Asser Levy is involved in business on behalf of a client, Abraham Cohen of Amsterdam. Cohen lends 1,625 guilders to the Pluviers, a newly arrived married couple in New Amsterdam. Once they have sold enough beavers, Levy will see that they repay their debt to Cohen.
Cornelis Jansen Pluvier, burgher and inhabitant of the city, acknowledges and declares to be well and truly indebted unto “Asser Levy, a Jew, co-burgher and inhabitant here,” for the sum of 1625 guilders and 20 stivers. Pluvier pledges his house and lot on Heere Street near the City Wall.
Levy is back in Amsterdam for a short time, where he gets into a financial conflict with a few other Ashkenazi Jews. Alexander Pollac, according to this attestation, has a debt with Compris Pos, while Levy has to repay 120 rijksdaalders to Pollac. Levy proposes to subtract the amounts from each other, but Pollac doesn’t agree.
Levy departs Amsterdam, headed for Germany. He authorizes Isaac Gamies to repay his debt of 120 rijksdaalders to Pollac. Pos authorizes Gamies to resolve his outstanding business as well.
Levy brings a case against Frans Janzen van Hooghten, alleging that he failed to complete construction of a house Levy rents from Wessel Eversen the Fisher. Van Hooghten claims that there was no deadline, and moreover he is waiting on roofing materials, but Levy asserts that the roof is long finished and that van Hooghten has just gone on to other projects. The court orders van Hooghten to finish the house immediately.

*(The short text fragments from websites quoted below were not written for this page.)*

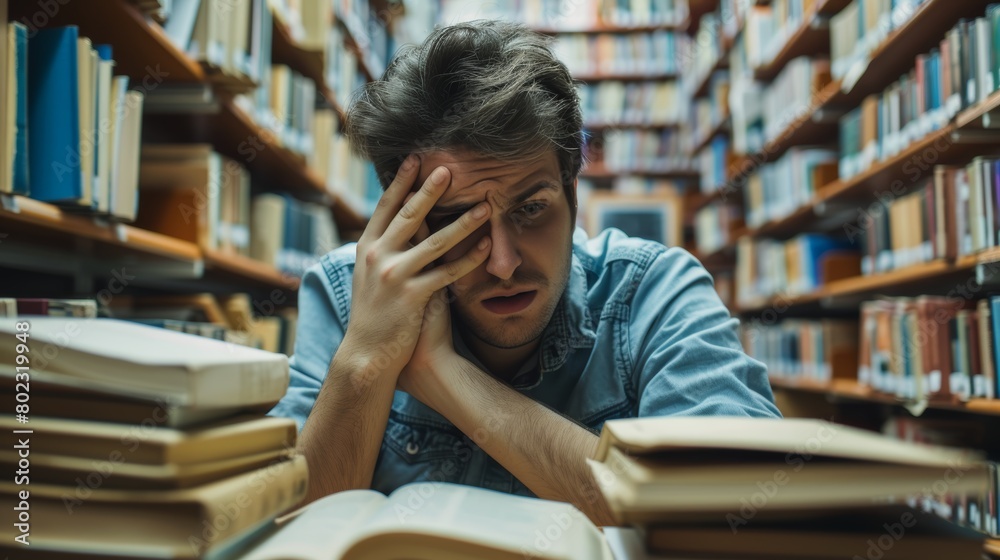 student man have anxiety because of exams, male prepare for test and learning lessons in the library. stress, despair, haste, misunderstanding reading, discouraged, expectation, knowledge, tired student man have anxiety because of exams, male prepare for test and learning lessons in the library. stress, despair, haste, misunderstanding reading, discouraged, expectation, knowledge, tired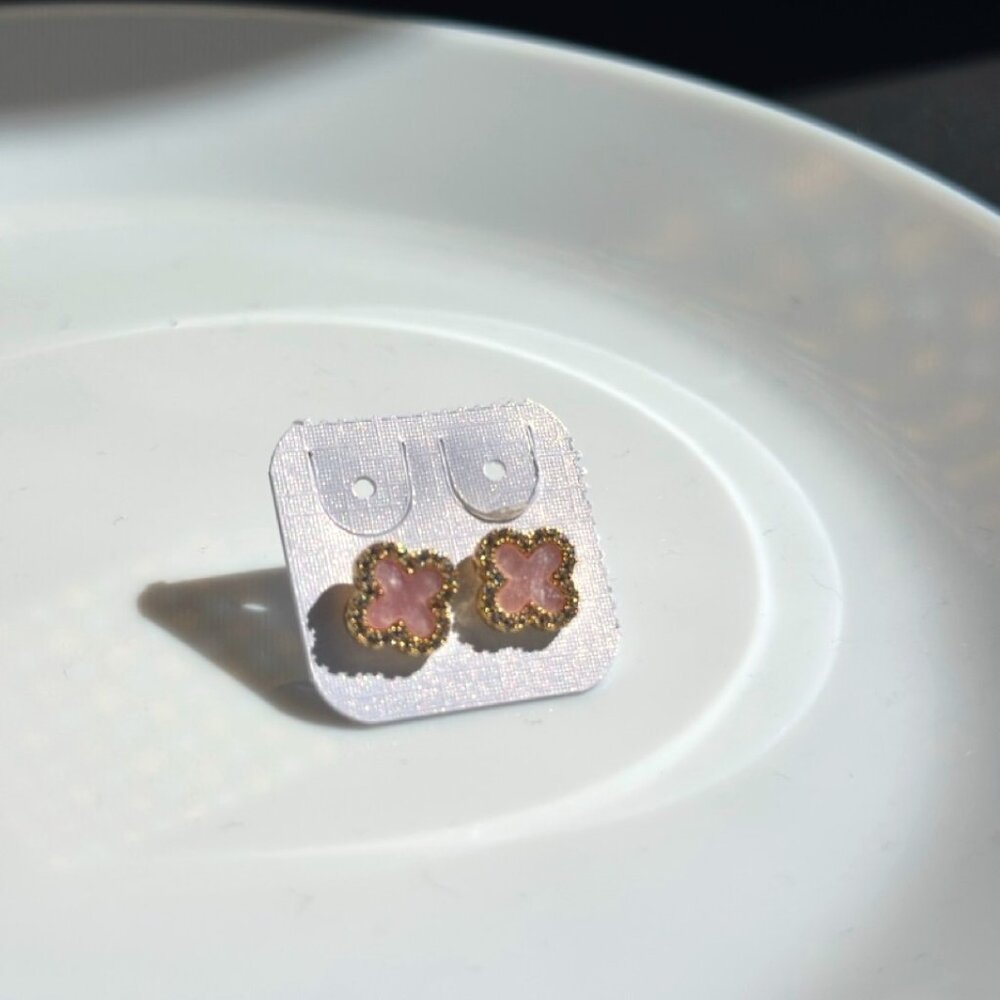 Blush Clover Studs: 14k Gold-Filled Pink Enamel Earrings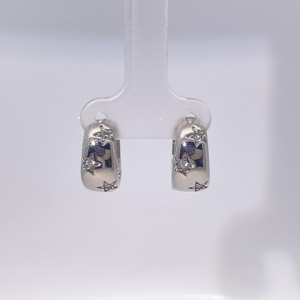 Tianyu Gems Gold-plated <b>Brass</b> Classic Women's Hoop Earrings with White Round Cubic Zirconia and Star Engraving - Product Image 3
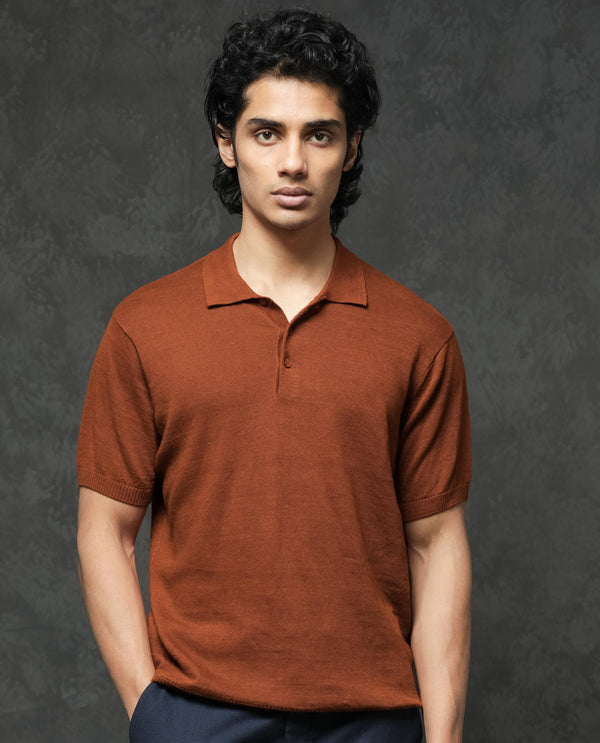 Rare Rabbit Men's Mekko Rust Half Sleeves Solid Polo T-Shirt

A group of 100 burghers and residents agree to make a loan to the city for the colony’s defense from the English, in exchange for the Director General and Council giving over the excise on beer and wine. It is specified that the loan must be repaid at 10% interest within five years. Asser Levy pledges 100 guilders for the loan.
Asser Levy purchases a parcel of land from Jacob Young for sixteen hundred guilders wampum. The deed, written in English, lists Levy's occupation as merchant.
Questions to consider:
- Levy, like most residents of New Amsterdam, is involved in a variety of cases before the Court of Burgomasters and Schepens. How would you describe Levy’s involvement in these different cases?
- What do these cases tell us about Asser Levy’s early business activities?
- Compare Levy’s voluntary contribution of October 1655 to his pledge in February 1664. To what extent can these records be used to evaluate Levy’s success during his first decade in New Amsterdam?